The remark was widely regarded as a veiled threat against Kenya’s top court, though Kenyatta said he would respect the decision and announced he would run again.
“Who even elected you? Were you?” Kenyatta asked, lashing out at the judges who annulled his victory. “We have a problem and we must fix it.”

In a ruling that reverberated across the African continent, Kenya’s top judges ruled Thursday that the results of the Aug. 8 election, which Kenyatta won with 54 percent, a margin of 1.4 million votes, were invalid due to evidence of voting irregularities and improper return tabulations.

Opposition supporters and democracy proponents in Kenya and across the continent cheered the court’s decision and hailed it as a turning point in establishing credible constitutional democracies in Africa.

Kenya is home to one of the most stable sub-Saharan democratic governments and has often been held up as an example for other emerging democracies in the region, though even in Kenya past elections — the most recent included — triggered ethnic violence and civil unrest.

So far, despite his veiled attack against the judges who ruled against him, Kenyatta has called for peace and calm as the nation gears up for a second consecutive presidential campaign.

Still, the call for a re-vote only ups the ante for both sides.

Raila Odinga, the opposition leader and Kenyatta’s primary opponent, has called on the court to replace members of the government-controlled election committee, which facilitated the Aug. 8 vote. The Washington post reported such a move is unlikely prior to the re-vote, which the court said must be held within 60 days.

Odinga has lost four successive presidential elections and his supporters argue the political deck is stacked to prevent him from assuming power. Having the same election officials oversee a second vote could set up the potential for violent clashes if he is again defeated by Kenyatta.

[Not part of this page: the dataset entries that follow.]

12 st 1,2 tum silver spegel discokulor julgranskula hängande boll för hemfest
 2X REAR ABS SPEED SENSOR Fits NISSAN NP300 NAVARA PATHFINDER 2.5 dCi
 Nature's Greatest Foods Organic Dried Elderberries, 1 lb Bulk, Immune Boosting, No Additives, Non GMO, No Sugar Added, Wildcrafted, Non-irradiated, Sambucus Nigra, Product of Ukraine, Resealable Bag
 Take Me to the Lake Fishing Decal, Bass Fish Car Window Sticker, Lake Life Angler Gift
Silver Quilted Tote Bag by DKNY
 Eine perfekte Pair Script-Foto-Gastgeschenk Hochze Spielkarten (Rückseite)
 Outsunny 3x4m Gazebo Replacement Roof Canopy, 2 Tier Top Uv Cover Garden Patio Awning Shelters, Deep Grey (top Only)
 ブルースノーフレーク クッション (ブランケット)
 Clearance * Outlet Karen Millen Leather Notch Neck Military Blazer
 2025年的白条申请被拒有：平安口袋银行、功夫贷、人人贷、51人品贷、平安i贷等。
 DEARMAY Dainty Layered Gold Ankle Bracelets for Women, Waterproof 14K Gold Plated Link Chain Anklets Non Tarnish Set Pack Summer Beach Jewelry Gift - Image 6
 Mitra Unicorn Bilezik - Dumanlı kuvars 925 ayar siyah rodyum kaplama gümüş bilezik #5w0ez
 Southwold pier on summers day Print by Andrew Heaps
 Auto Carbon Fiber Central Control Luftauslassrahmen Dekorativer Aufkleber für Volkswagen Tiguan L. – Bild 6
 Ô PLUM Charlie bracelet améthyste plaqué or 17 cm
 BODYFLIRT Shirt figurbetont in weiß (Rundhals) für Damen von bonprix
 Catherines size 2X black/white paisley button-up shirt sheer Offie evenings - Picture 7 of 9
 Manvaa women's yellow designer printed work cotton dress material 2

Likewise, Kenyatta is likely to focus his re-election effort on the notion that four judges robbed millions of his supporters, who represent a majority of the country if the previous results are to be believed, of their democratic rights. An Odinga upset could embolden Kenyatta loyalists to turn violent, as well.

Kenyatta hails from the Kikuyu tribe, Kenya’s largest tribe and a dominant political force that has advocated expanding the nation’s economy. Odinga is from the minority Luo tribe and his message railing against government corruption is tailored to the economically disadvantaged. Past post-election violence has broken along those tribal and ideological lines.